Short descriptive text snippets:
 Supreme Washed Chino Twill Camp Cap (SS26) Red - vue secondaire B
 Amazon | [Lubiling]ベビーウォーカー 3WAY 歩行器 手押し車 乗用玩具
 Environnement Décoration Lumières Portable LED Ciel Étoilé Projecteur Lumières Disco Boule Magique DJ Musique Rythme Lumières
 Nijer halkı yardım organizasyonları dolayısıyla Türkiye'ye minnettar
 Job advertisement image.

* * *

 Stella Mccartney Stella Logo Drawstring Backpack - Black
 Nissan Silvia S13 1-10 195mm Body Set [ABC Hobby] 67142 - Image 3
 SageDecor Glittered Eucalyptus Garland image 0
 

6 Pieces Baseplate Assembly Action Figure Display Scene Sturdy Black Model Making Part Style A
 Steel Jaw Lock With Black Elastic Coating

_Brief_:
Look through the entries above, and wherever a line holds the string "Black", copy it.

_Final answer_:
 Stella Mccartney Stella Logo Drawstring Backpack - Black
6 Pieces Baseplate Assembly Action Figure Display Scene Sturdy Black Model Making Part Style A
 Steel Jaw Lock With Black Elastic Coating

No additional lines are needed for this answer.